Ненависть - Краснов Петр Николаевич "Атаман" 17 стр.


* * *

Были приняты чрезвычайные меры предосторожности. На улице и на дворе дежурили ответственные члены партии, чтобы вовремя предупредить об опасности. На собрание были допущены только самые верные члены партии.

Малинин был раздражен и озабочен. Его обидело и задело, что Центр не ему поручил разработать директиву партии, а прислал постороннего человека. Володя давно подметил, что в партии при всем кажущемся равенстве ее членов, строго соблюдалась какая-то иерархия и Малинину было оскорбительно уступать свое место, хотя бы н временно, кому-то другому.

Говорили, что у приезжего, строго законспирированного, был какой-то особенный "мандат", не внушающий никаких сомнений, и письмо от самого Ленина.

Заседание было назначено на восемь часов, но приезжий явился только к десяти.

Это было человек неопределенного возраста, неопределенной национальности, какой-то подлинно "интернациональный" человек.

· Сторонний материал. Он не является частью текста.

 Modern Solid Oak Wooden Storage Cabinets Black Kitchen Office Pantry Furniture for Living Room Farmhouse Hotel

Скорее всего – болгарин. У него было чисто выбритое лицо серовато-оливкового цвета, с сизыми тенями на верхней губе и щеках. Он был хорошо, по-заграничному одет, у него были темные, но не рабочие руки, которые он все время зябко потирал, хотя и на воздухе и в комнате было жарко даже до духоты.

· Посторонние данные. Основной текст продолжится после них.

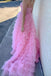 New Arrival One Shoulder Tulle Prom Dress with Lace, A Line Layers Formal Gown with Slit UQP0260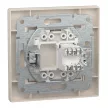 Schneider Electric Asfora EPH4700123 Informatikai csatlakozóaljzat 1xRJ45, Cat6 UTP, bézs burkolattal, kerettel ( EPH4700123 ).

Все встали при его входе, хотя этого, например, для Малинина никогда не делали. Он неловко, крайне небрежно, поклонился и жестом предложил садиться у стола. Тяжелый, сумрачный, пронзительный взгляд его обвел всех присутствующих и, как показалось Володе, несколько дольше остановился на нем и на Драче.

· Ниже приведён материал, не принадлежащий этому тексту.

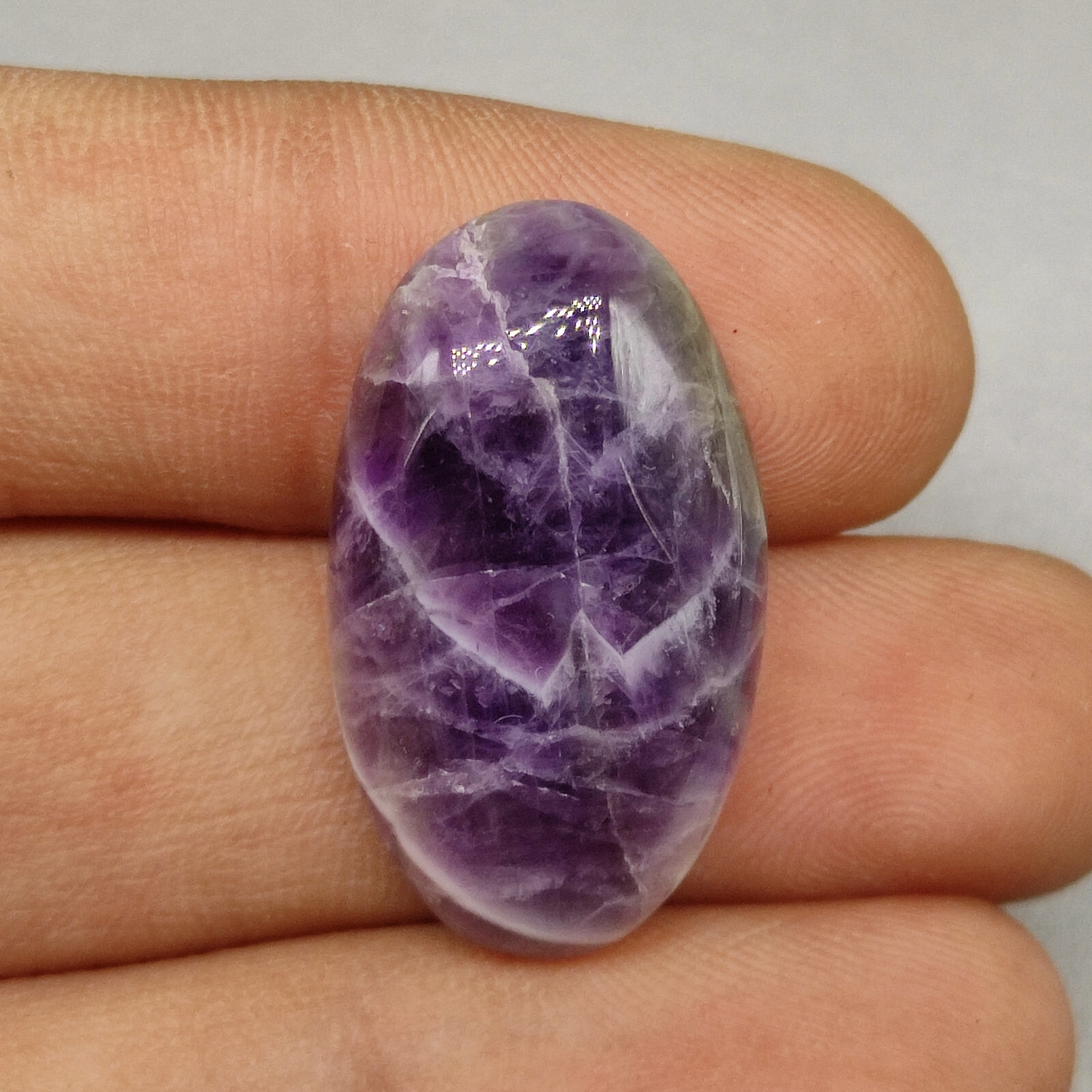 100% Natural purple amethyst flatback cabochon translucent amethyst stone G7150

Наступило напряженное молчание ожидания. Приезжий, он никому не был назван ни по имени, ни по партийной кличке, сидел, уставившись глазами в одну точку, и точно сам ожидал какого-то доклада. В комнате со тщательно занавешенными одеялами окнами было очень душно и до тошноты накурено. Сизые струи табачного дыма стояли полосами под потолком. Пахло согревшимся пивом и нечистым потом. Плотный Балабонин платком вытирал лоб и лицо. Коротнев в ожидании подался на стуле всем корпусом вперед. У Драча на лице было восхищение, рот был открыт, и он ждал от приезжего точно какого-то чуда.

Наконец, заговорил Малинин. Слегка заикаясь, он начал:

– Наши партийцы – апостолы новой веры… Марксизм – Евангелие нашего века. Мы ждем, товарищ, от вас откровенного слова и поучения.

Тот все молчал.

– Вы приехали к нам с новыми инструкциями. Я получил телеграмму, которая меня и моих товарищей повергла в большое смущение, пришлось перестраивать всю работу и менять все директивы, при настоящем настроении рабочих и вообще пролетариата – это очень не просто. В центре, по-видимому, не отдают себе отчета в тех настроениях, которые удалось установить в рабочей массе.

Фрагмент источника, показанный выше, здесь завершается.